-- What you have to do --
Take the entries that follow and return exactly the lines from the one holding "Ford Transit Cargo" through the one holding "Belinda Siyah Vegan", both included. Nothing else is needed.

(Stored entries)
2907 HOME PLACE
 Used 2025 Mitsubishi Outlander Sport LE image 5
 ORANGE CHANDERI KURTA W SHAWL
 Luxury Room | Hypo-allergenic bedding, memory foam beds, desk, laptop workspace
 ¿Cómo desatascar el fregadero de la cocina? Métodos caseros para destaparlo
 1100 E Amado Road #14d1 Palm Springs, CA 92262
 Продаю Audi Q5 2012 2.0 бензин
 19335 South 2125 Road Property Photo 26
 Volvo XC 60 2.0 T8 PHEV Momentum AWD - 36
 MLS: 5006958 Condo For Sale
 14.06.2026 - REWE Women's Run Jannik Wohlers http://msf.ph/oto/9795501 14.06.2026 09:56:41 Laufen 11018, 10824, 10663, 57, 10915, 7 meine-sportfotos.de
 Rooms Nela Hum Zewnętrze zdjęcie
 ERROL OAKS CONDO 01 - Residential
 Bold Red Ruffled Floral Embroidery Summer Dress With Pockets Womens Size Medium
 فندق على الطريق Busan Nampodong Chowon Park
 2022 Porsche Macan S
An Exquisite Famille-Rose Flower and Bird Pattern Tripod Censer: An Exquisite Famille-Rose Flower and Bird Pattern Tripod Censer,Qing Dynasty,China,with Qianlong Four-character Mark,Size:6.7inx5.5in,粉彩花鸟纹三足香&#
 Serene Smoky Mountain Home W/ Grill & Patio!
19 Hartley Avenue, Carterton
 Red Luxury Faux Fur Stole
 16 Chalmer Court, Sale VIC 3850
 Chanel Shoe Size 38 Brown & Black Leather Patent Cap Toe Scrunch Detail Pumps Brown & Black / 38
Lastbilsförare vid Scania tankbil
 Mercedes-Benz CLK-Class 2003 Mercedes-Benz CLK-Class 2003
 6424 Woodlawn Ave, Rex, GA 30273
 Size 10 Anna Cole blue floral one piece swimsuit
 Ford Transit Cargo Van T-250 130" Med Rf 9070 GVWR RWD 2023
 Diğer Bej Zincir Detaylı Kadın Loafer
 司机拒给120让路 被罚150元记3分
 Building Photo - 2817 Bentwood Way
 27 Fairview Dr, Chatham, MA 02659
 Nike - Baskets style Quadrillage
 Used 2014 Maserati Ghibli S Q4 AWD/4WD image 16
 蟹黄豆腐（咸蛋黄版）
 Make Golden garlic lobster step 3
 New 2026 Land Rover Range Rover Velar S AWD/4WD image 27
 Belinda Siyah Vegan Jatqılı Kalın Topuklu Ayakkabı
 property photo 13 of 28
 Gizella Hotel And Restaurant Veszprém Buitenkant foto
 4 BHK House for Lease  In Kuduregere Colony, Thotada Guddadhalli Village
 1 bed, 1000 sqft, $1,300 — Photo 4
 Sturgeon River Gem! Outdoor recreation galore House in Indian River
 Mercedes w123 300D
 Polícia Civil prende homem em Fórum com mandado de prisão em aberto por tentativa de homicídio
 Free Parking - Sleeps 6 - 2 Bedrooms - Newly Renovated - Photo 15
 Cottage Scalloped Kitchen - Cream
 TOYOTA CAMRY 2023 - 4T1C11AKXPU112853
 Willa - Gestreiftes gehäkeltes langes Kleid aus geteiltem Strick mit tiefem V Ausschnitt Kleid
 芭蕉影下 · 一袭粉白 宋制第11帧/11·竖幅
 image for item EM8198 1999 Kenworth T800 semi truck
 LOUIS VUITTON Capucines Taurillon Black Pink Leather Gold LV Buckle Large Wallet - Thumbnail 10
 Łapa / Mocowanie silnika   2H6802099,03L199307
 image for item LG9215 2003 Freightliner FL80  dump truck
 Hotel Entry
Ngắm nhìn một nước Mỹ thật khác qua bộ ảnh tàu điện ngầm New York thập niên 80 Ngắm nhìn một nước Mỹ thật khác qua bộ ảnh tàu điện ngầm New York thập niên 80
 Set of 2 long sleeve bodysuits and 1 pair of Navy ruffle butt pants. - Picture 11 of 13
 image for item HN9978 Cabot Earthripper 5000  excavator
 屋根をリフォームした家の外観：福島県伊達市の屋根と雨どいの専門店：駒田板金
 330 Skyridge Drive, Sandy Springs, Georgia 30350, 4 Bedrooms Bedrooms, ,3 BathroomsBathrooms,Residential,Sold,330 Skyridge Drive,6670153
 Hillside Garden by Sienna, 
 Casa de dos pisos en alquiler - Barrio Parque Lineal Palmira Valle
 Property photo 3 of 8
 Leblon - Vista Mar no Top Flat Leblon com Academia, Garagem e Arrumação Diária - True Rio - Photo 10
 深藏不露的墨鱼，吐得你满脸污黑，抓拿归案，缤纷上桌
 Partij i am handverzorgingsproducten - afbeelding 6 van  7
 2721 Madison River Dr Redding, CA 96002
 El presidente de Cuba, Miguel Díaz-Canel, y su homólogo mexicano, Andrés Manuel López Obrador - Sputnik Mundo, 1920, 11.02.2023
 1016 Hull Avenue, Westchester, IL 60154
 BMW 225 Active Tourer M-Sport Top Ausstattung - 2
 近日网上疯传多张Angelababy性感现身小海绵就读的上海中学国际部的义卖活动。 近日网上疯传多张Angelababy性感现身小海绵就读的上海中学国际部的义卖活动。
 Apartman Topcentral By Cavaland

-- Task answer --
 Ford Transit Cargo Van T-250 130" Med Rf 9070 GVWR RWD 2023
 Diğer Bej Zincir Detaylı Kadın Loafer
 司机拒给120让路 被罚150元记3分
 Building Photo - 2817 Bentwood Way
 27 Fairview Dr, Chatham, MA 02659
 Nike - Baskets style Quadrillage
 Used 2014 Maserati Ghibli S Q4 AWD/4WD image 16
 蟹黄豆腐（咸蛋黄版）
 Make Golden garlic lobster step 3
 New 2026 Land Rover Range Rover Velar S AWD/4WD image 27
 Belinda Siyah Vegan Jatqılı Kalın Topuklu Ayakkabı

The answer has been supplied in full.